Many years ago, my heart began skipping beats. I felt each one and was very uncomfortable.

Totally inappropriately, I stopped a cardiologist and obtained a curbside consult. He advised quitting caffeine and prescribed a beta blocker called metoprolol. Immediately, the skipped beats went away. About a month later, I started feeling glum and had this sinking feeling in the pit of my stomach. I stopped another colleague in the hallway. He told me I was depressed and prescribed me Prozac. The Prozac made me anxious and did not improve my mood.

Finally, I had a complete checkup. My wise physician recognized that metoprolol was likely a cause of the depression, so he stopped both drugs. Within a few weeks, I was as right as rain.

I learned a great deal from this experience.

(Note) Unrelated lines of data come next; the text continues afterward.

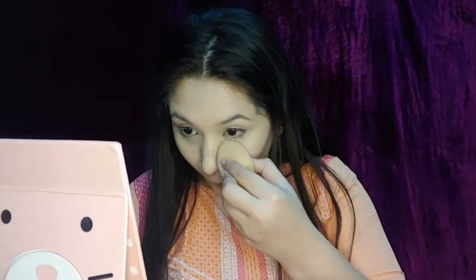I know I look like a white ghost currently but that's just the camera! To set my concealer I'm using Maybelline's Fit Me Loose Powder in the shade 115 Ivory under my eyes. For the rest of my face I'm going to use Lakme Sun Expert Compact Powder to set everything.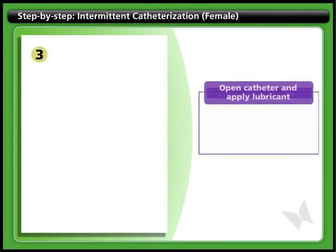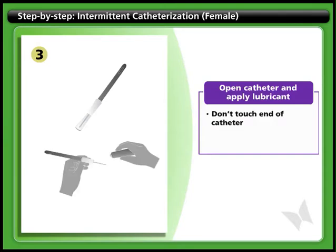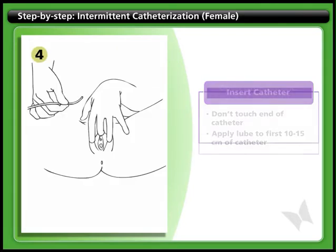Step 3: Open catheter and apply lubricant. Open the catheter package and expose one end of the catheter. Be careful not to let it touch any surrounding items or surfaces. Apply lubricant to the first 5 centimeters of the catheter.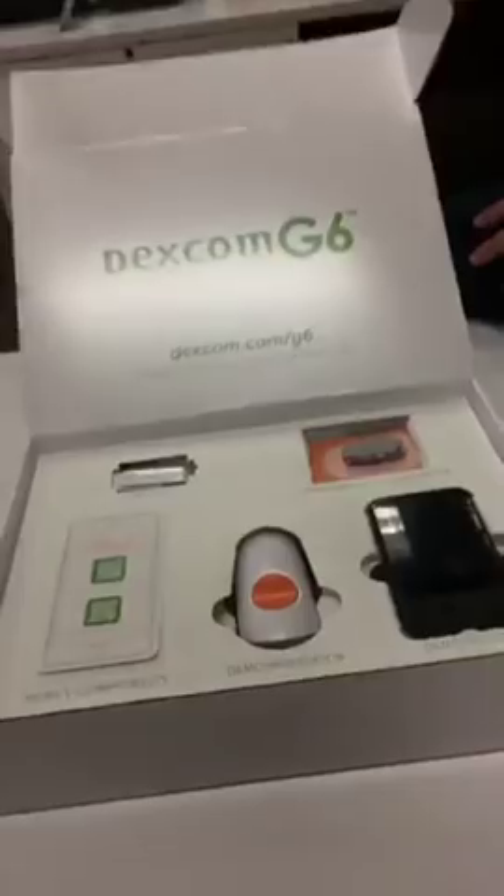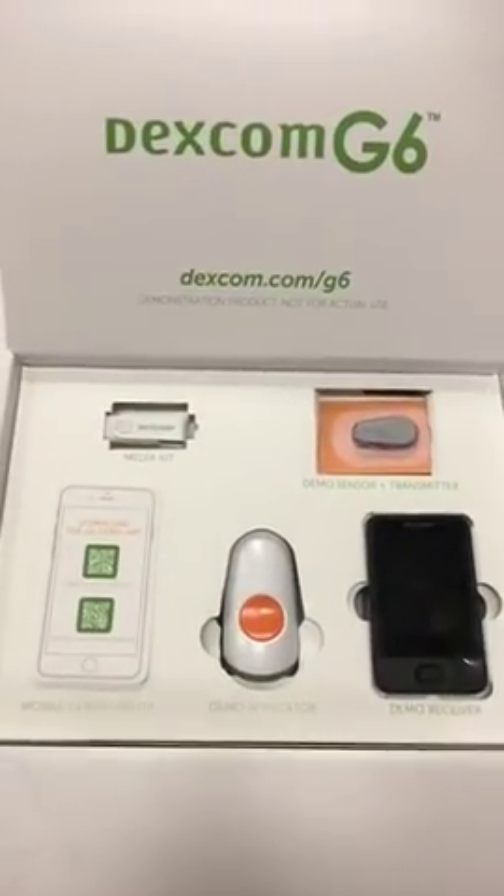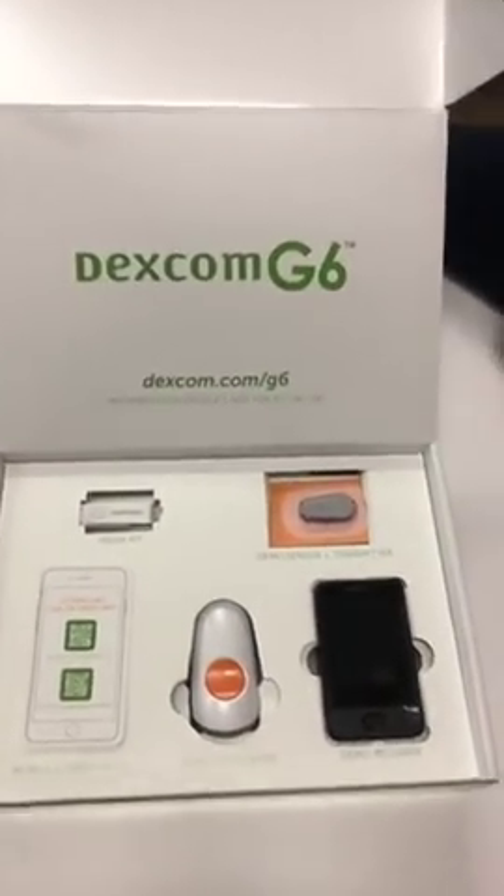This is Mary, our community partners and programs manager, and you're listening to Dana, communications manager. We are both Type 1 and we are both Dexcom users, so this is personally exciting as well as something we can share with all of you. Alright, what are we looking at, Mary?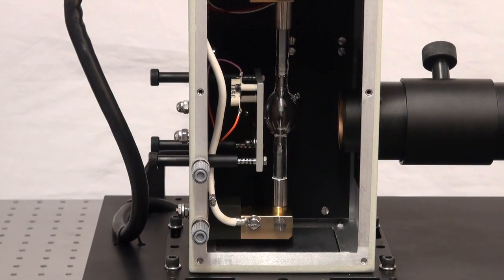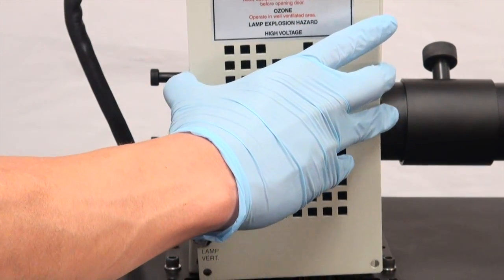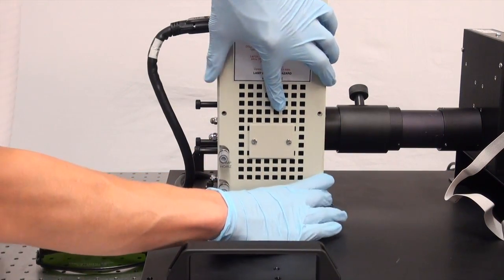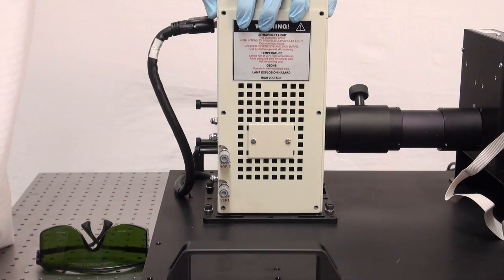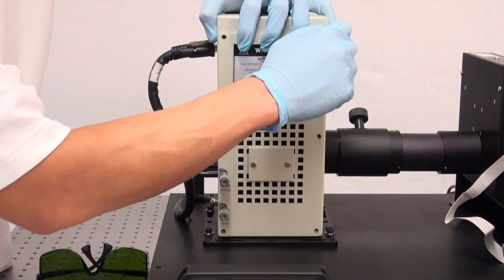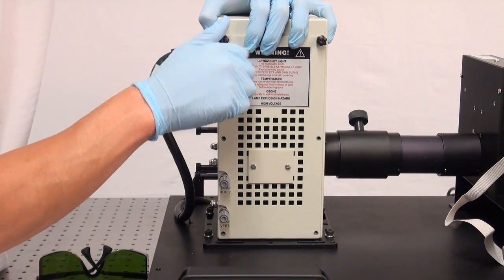Visually, position it as best as you can, then you're going to replace the lamp housing door and reinsert those six thumb screws we removed earlier to remove the side panel of the lamp housing, fixing it back in place.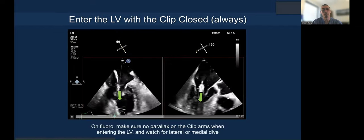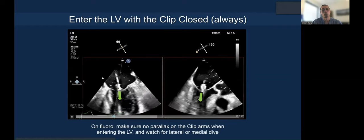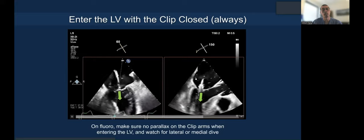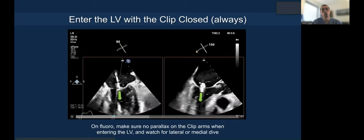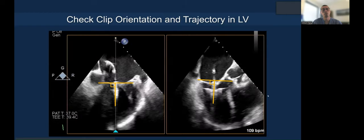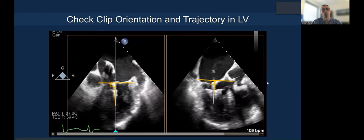Here's how you go in — nicely tangential. This is coaxial perpendicular to the annular plane, and this is coaxial and tangential in the 2D grasping view. You can watch for that and see mathematically how the relationship works.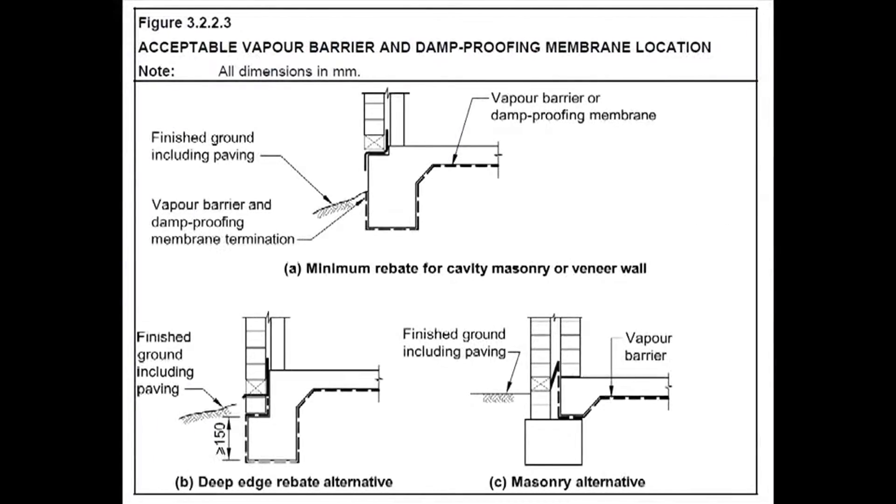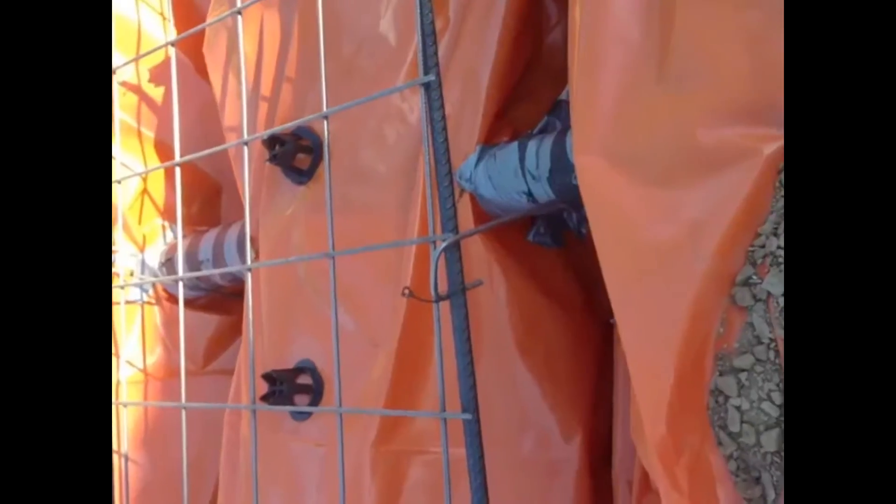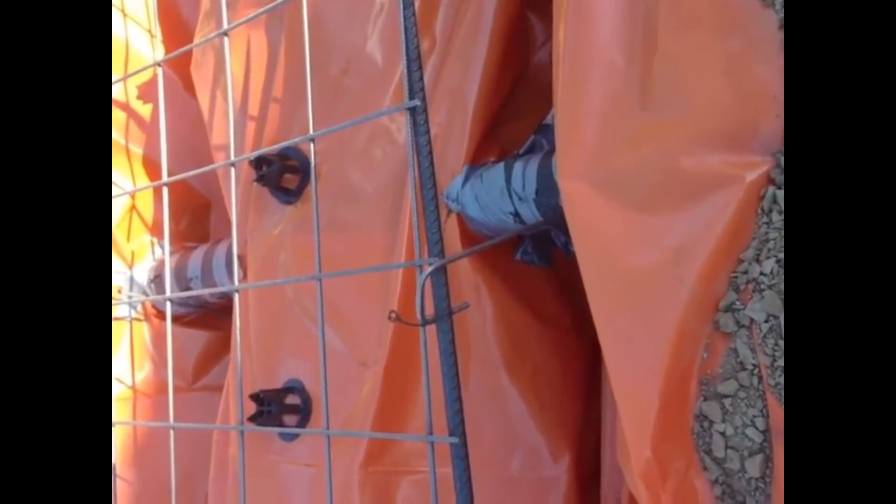They also call it a vapor barrier, but we refer to it as a damp proof membrane or DPM. You can see here how it sits — it goes underneath the foundations, on top of the dirt, and then the slab is poured on top of that, along with the concrete footings. That protects it all the way along, and it actually has to come outside to make sure there's no possibility of moisture getting into the footings.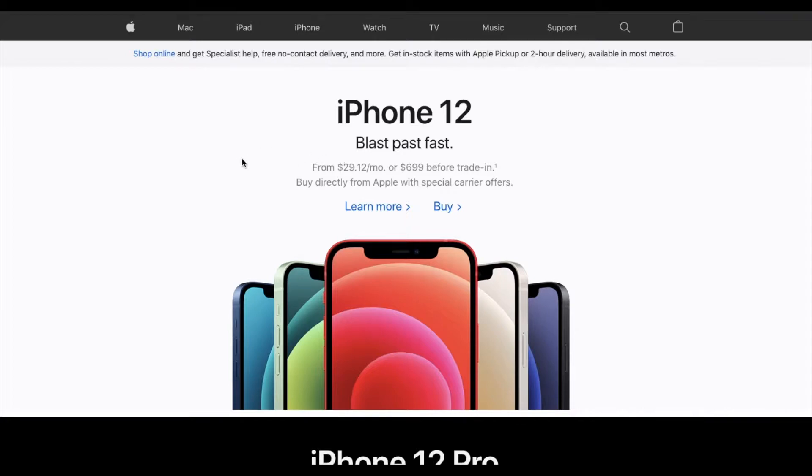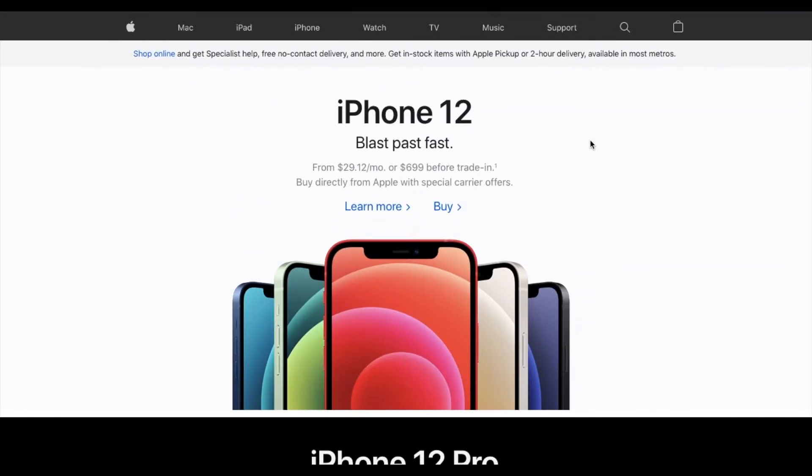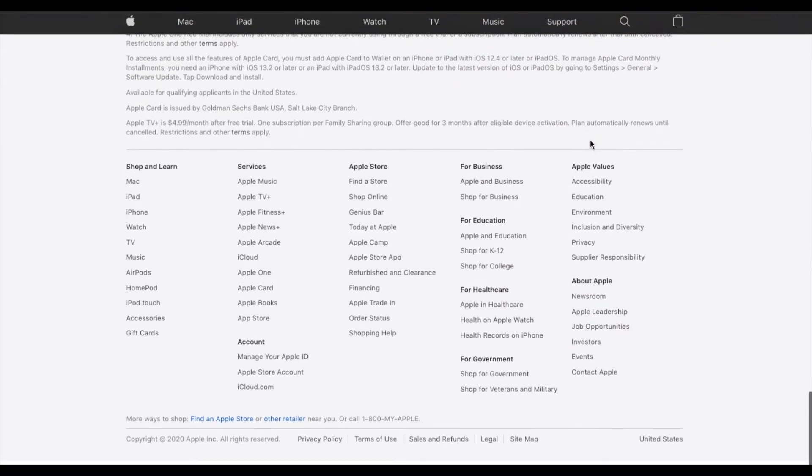So we're currently just using a regular web browser and we are on apple.com. This is just their traditional website here. Once you've arrived at the website, we're just going to scroll all the way down to the bottom of the home page. And then we're going to click on gift cards, this little option down here at the bottom.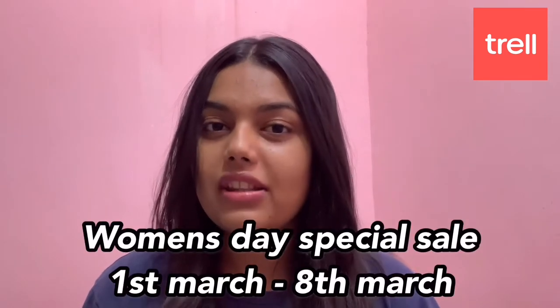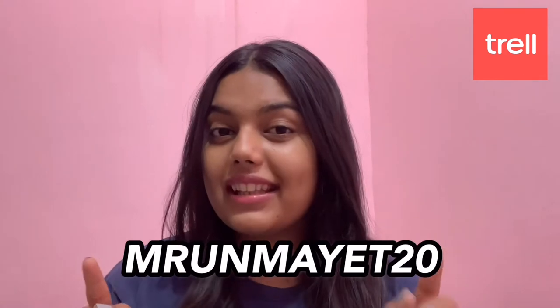Before that, guys, I want to tell you about the Trail app. Trail is a lifestyle short video and shopping app. They are starting a Women's Day sale from 1st to 8th March. With top brands, you get up to 75% discount, plus an extra 20% discount if you use my coupon code — I will show it on screen.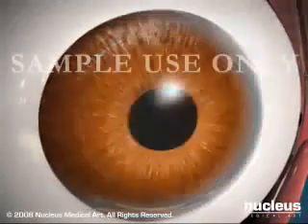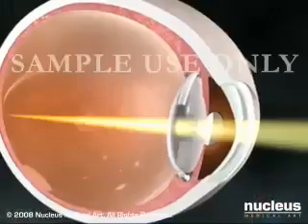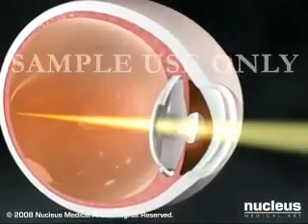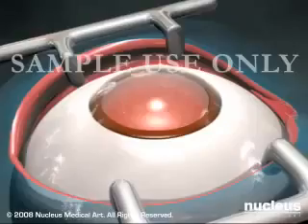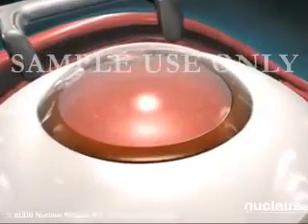Because the incisions are so small, stitches are generally not necessary. Vision often improves notably immediately after surgery. Another method for removing cataracts is called the extracapsular technique.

I can truly sympathize with those who feel depressed. During the winter, depression becomes more common. Many suffer from a condition called seasonal affective disorder, which causes depression because of an inadequate exposure to sunlight. The best way to prevent this disorder is to spend as much time outdoors as possible and to make the house and office as bright as possible. In some cases, a special bright light that mimics sunlight can be beneficial in prevention and treatment.

In all forms of depression, symptoms are caused by chemical alterations in the brain. Stress leads to depletion of two chemical messengers, serotonin and noradrenaline. When the body is unable to replace these chemicals, either because of continued stress or an impaired intrinsic ability of the brain to produce them, depression occurs.

The latter is called endogenous depression and is more common in older people. This impaired ability to produce serotonin or noradrenaline makes them more susceptible to depression if they are stressed or prescribed a medication that can cause it. Many older people become unhappy around Thanksgiving and Christmas because of loved ones lost, living away from their families, or feeling unwanted or like they are a burden. Depressed people's lack of self-worth makes them feel weak, unimportant and ashamed. Family members are often not sympathetic and make things worse by becoming angry or taunting them.

Lack of serotonin can lead to sadness, loss of hope about the future, loss of self-esteem, excessive or reduced appetite and an inability to sleep. A shortage of noradrenaline causes severe fatigue, a wish to spend all day in bed and a lack of interest in daily activities. Fortunately, numerous medications are available that make depression readily treatable.

Depression is not shameful, and it is never your fault. If you or someone you know is depressed, seek medical help. Often the first antidepressant prescribed is one that only increases serotonin concentrations in the brain. These are called selective serotonin reuptake inhibitors and include Prozac, Zoloft, Paxil, Celexa and Lexapro. Each has a slightly different mechanism of action and side-effect profile.

Other antidepressants increase serotonin and noradrenaline, and include Effexor or Cymbalta. Finally, there is Wellbutrin, the only SSRI that does not affect libido or sexual function.

Each antidepressant functions differently, and what works well for one person may make things worse in another. Thus trial and error is required to come up with a medication that is best-suited to the individual depressed patient. The longterm benefits of antidepressant treatment far outweigh any potential side effects. And there is no evidence depression drugs can cause adults to commit suicide.

I strongly recommend that every depressed person, and sometimes their family members, consider psychotherapy to assure that they come to grips with the likely causes leading to the depression and are more able to adapt to and deal with the many problems each of us face every day.